When Henry received a request from Arcadia Publishing asking if she knew of a local author who could put together a book on Doraville’s history, she looked no further than Kelley.
“She asked me if I would be interested and I thought ‘Why not?’,” said Kelley. “It was an accident, I happened to be at the right place at the right time.”
On Sept. 22, Kelley will participate in a book signing for “Images of America: Doraville” at the Doraville Library, 3748 Central Ave. at 7 p.m.
The book, one in a series of many focused on small towns, boasts more than 200 vintage images and memories of early-day Doraville families and the city’s historic milestones and gives a glimpse into present-day Doraville as well, according to a news release.
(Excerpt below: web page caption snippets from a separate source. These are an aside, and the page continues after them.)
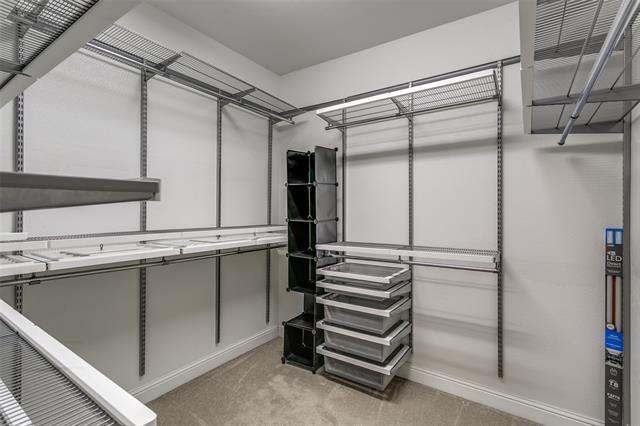 Building Photo - 515 W Royal Ln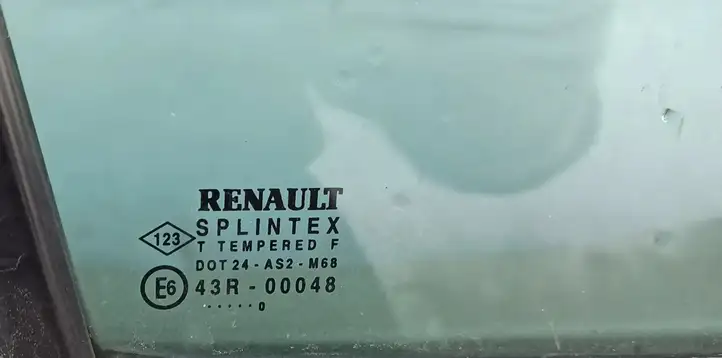 Renault Scenic I (1996 - 2003) Pilka Форточка двери — фото 2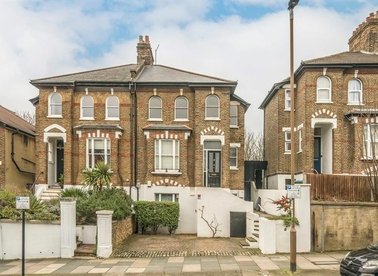 Properties let in Charlton Church Lane - SE7 7AB view1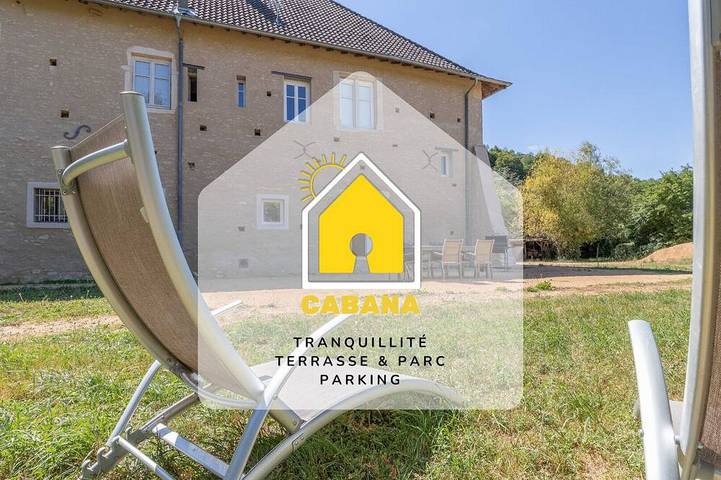 Location de vacances pour 8 personnes, avec jardin à Lugny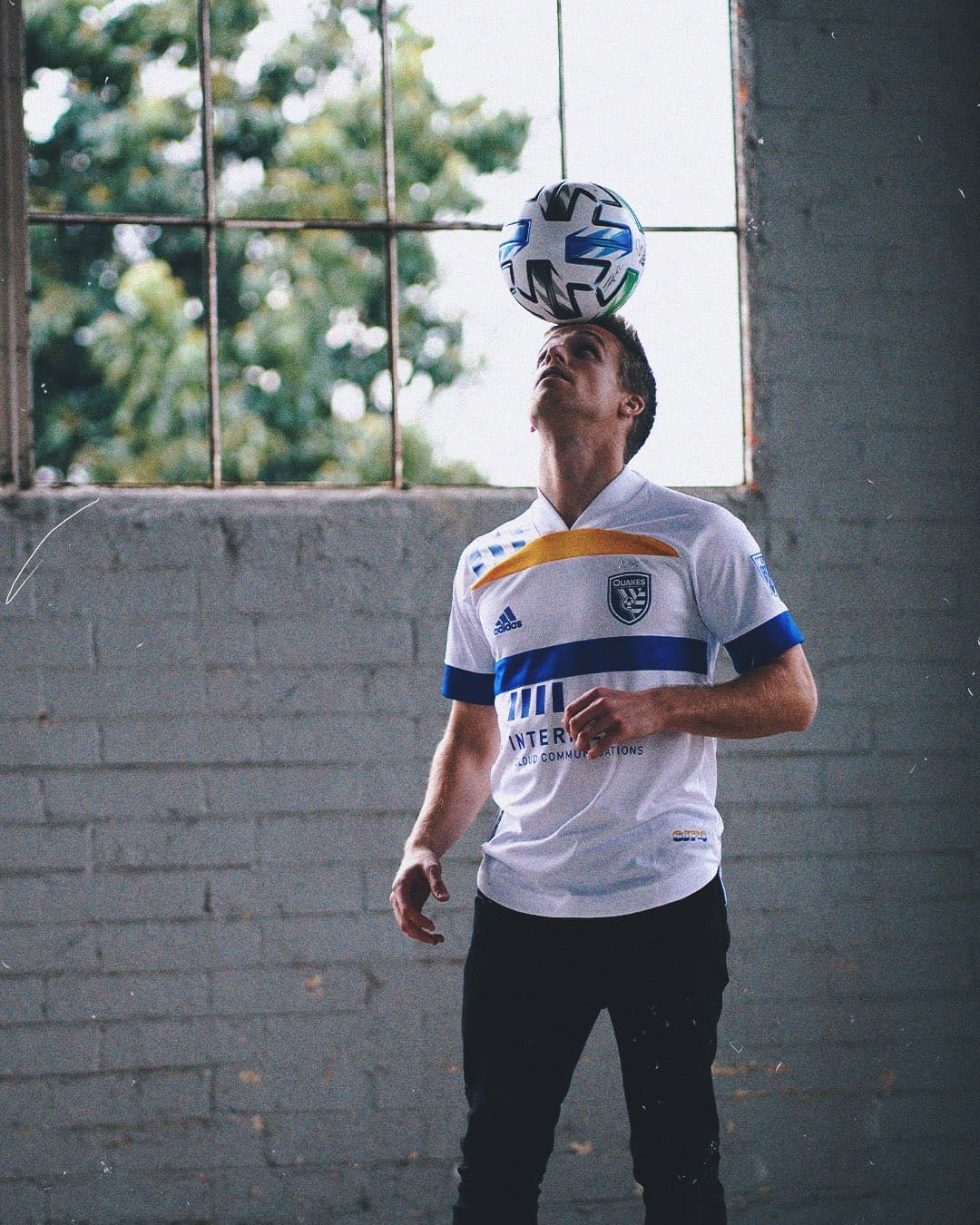 Galaxy trollea a San José Earthquakes, pero se lo revierten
“People are funny about letting loose of their family pictures,” said Kelley, who experienced initial resistance from residents. “But people who realized the value of it started putting me in touch with their friends and they had a comfort level. Pretty soon people were coming out of the woodwork to tell me about their family with pictures.”
Kelley said Arcadia’s main mission is to preserve small town America’s history with the book series.
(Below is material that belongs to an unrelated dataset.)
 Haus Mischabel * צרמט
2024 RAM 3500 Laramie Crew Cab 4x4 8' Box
During his time visiting with residents and gathering information on the town’s history, Kelley said what he discovered about Doraville was how together the community was 50 to 70 years ago.
“It was like Mayberry … good old folk, hometown people helping people,” he said. “Everybody knew everybody’s business here in Doraville. It changed dramatically over the years and today you don’t have that sense of family that was once here … and so once I got digging I found out really cool things.”
A few of those facts were that back in the ‘70s, there was a disastrous tank farm fire that burned for several days. Also, the city was home to astronaut John Casper, who attended high school in Chamblee; the McDonald’s on Buford Highway was the first one built in Georgia in 1961 and one of the first two stores built by Home Depot in the state was in Doraville, the other in Decatur.
“Once you go into that niche of time you found out some interesting things about the city,” said Kelley. “It gave a whole new perspective of the city to help recall what it was like back then. It made me feel more like a part of the community even though I have not lived it, but just knowing about it made me appreciate it more.”